Dataset extract:
+ + + +

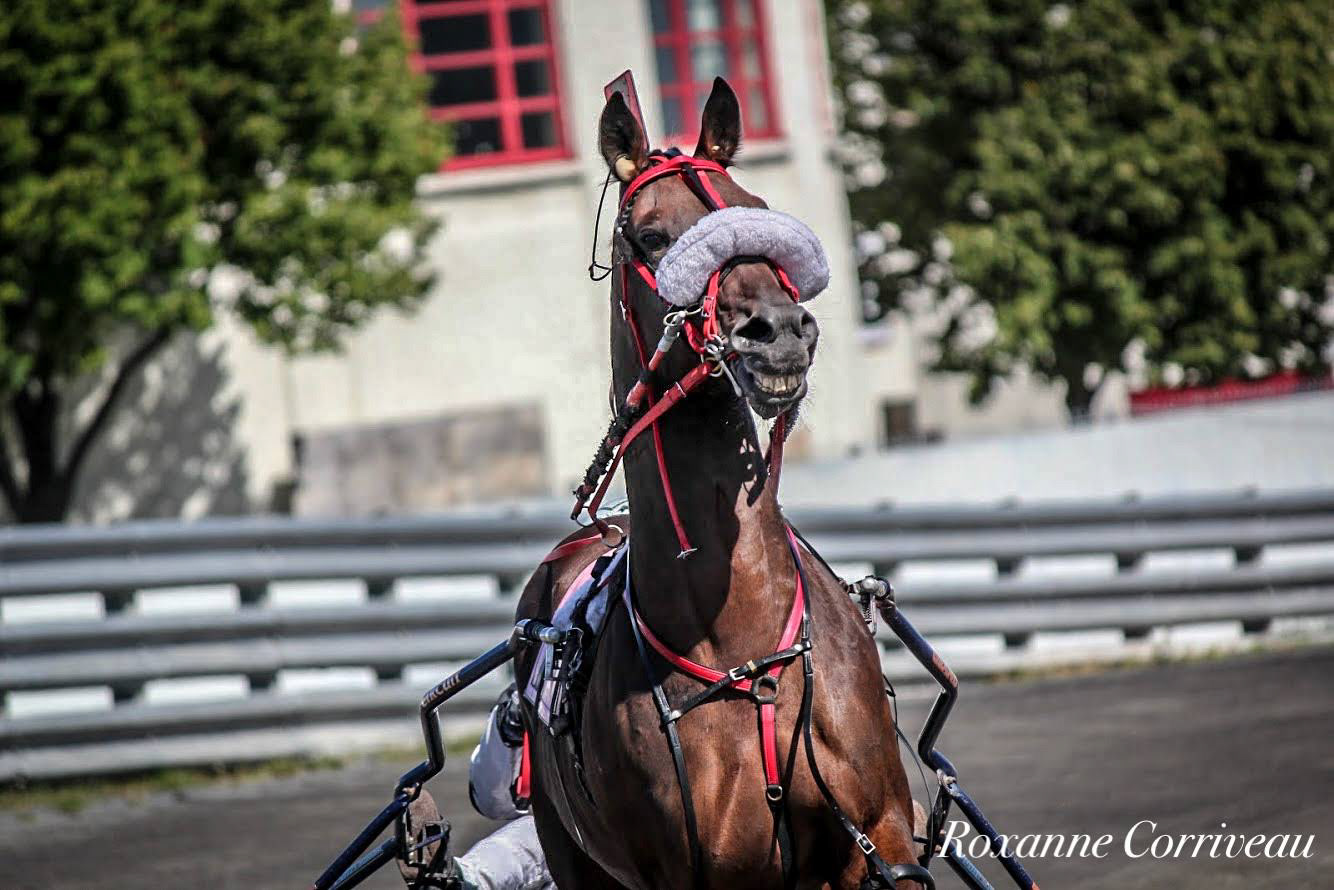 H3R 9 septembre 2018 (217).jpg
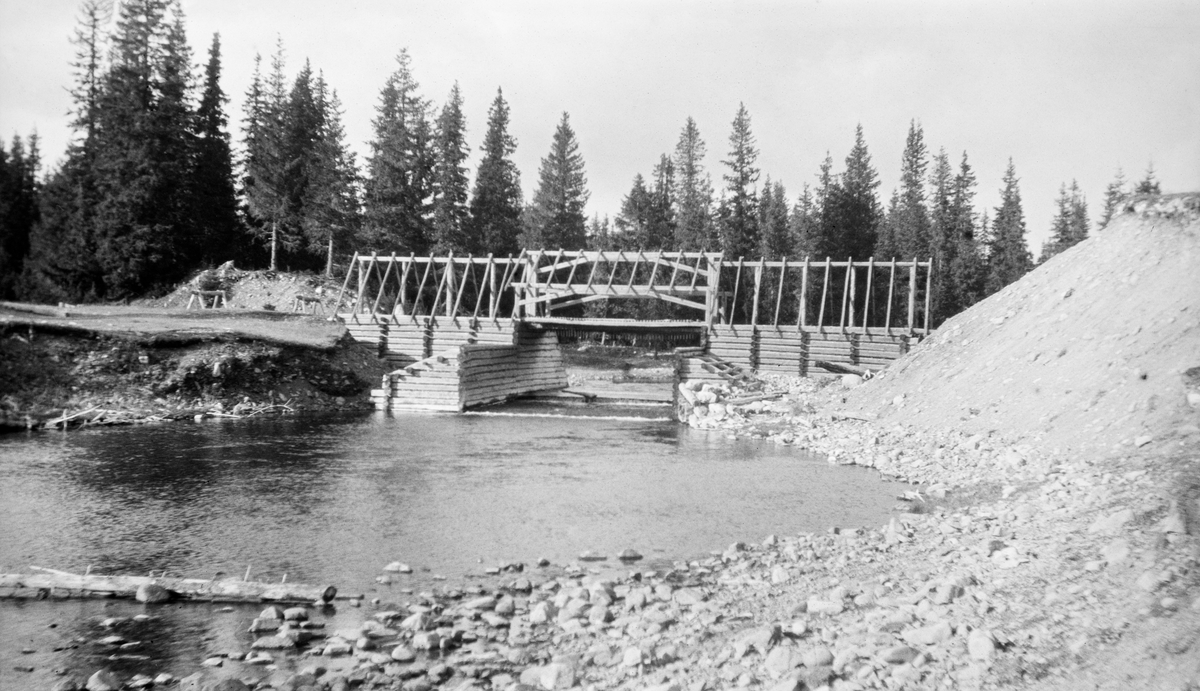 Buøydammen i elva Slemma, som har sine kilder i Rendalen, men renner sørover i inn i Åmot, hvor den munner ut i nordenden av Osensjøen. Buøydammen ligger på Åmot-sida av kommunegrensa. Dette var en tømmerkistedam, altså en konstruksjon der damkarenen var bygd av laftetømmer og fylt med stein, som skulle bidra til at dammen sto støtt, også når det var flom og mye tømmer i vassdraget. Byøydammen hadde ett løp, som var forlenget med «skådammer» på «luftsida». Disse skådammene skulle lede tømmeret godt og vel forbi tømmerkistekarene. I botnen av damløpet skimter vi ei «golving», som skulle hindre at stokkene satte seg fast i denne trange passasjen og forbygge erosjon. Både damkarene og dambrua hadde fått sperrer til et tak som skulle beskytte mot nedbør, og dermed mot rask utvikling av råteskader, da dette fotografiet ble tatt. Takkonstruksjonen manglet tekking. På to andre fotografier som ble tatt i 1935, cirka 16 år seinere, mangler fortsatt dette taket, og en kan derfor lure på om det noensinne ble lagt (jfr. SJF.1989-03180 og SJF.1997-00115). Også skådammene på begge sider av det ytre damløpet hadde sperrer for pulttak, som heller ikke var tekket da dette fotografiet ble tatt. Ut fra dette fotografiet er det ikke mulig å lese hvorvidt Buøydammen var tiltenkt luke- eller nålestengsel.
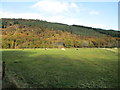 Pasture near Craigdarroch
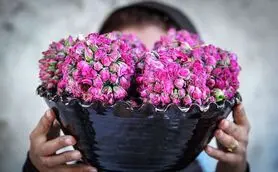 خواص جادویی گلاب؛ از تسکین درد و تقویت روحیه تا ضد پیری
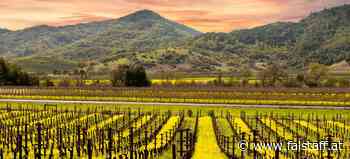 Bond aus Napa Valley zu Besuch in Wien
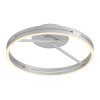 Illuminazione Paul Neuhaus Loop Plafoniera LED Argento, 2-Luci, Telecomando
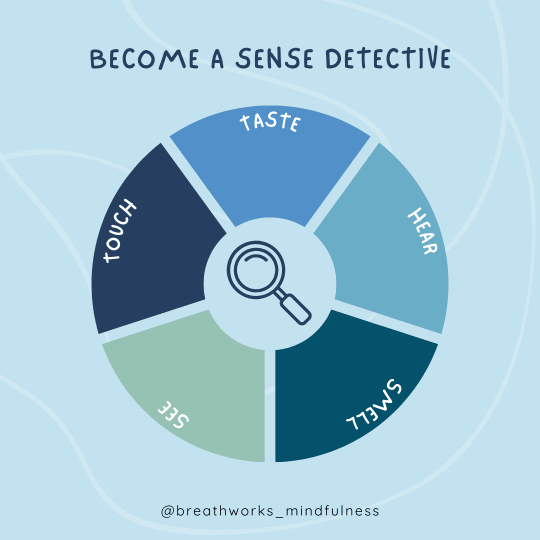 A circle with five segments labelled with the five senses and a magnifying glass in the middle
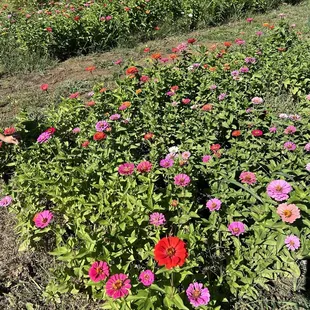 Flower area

+ + + +

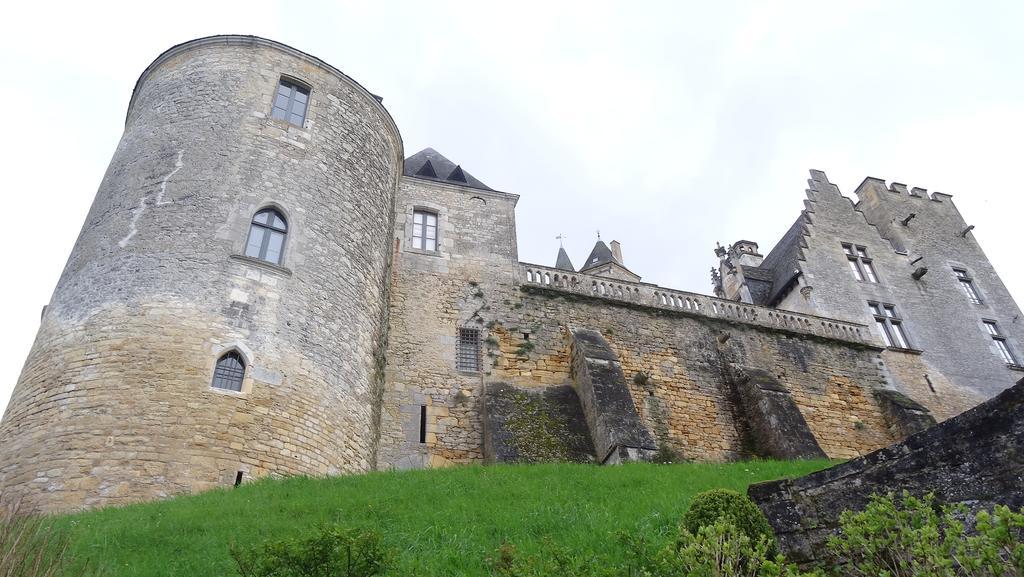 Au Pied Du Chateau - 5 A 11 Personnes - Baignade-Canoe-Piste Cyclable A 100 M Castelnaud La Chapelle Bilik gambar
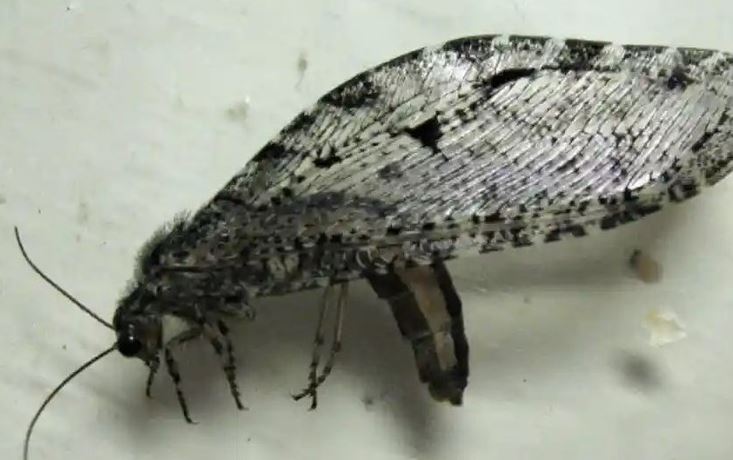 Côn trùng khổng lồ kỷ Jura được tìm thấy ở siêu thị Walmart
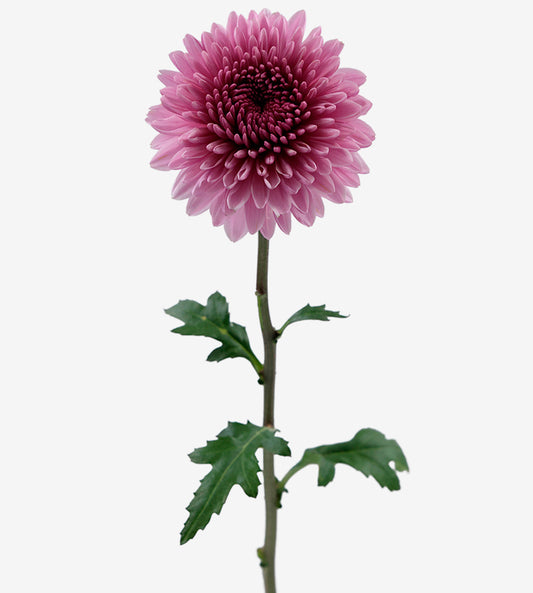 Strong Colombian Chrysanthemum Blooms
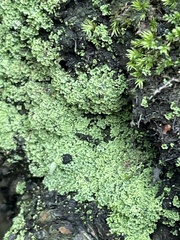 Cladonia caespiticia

+ + + +

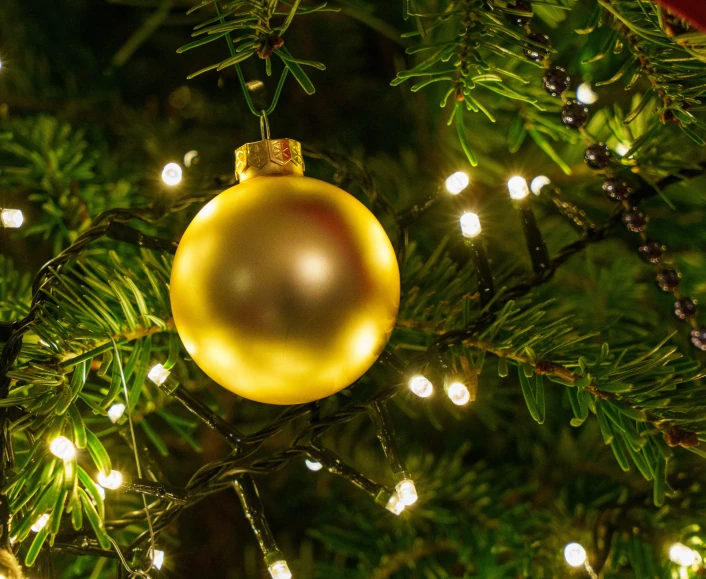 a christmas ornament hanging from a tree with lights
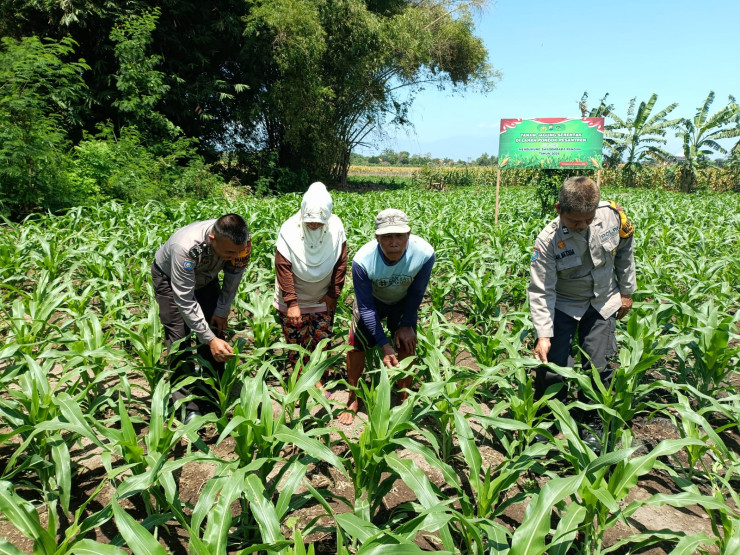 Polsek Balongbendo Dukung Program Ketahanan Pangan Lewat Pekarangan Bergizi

+ + + +

Task: Exactly the lines above, from the one containing "Au Pied Du Chateau" down to the one containing "Cladonia caespiticia", are to be repeated, including both ends. Pictures are not part of the copy.

Result of this exercise:
 Au Pied Du Chateau - 5 A 11 Personnes - Baignade-Canoe-Piste Cyclable A 100 M Castelnaud La Chapelle Bilik gambar
 Côn trùng khổng lồ kỷ Jura được tìm thấy ở siêu thị Walmart
 Strong Colombian Chrysanthemum Blooms
 Cladonia caespiticia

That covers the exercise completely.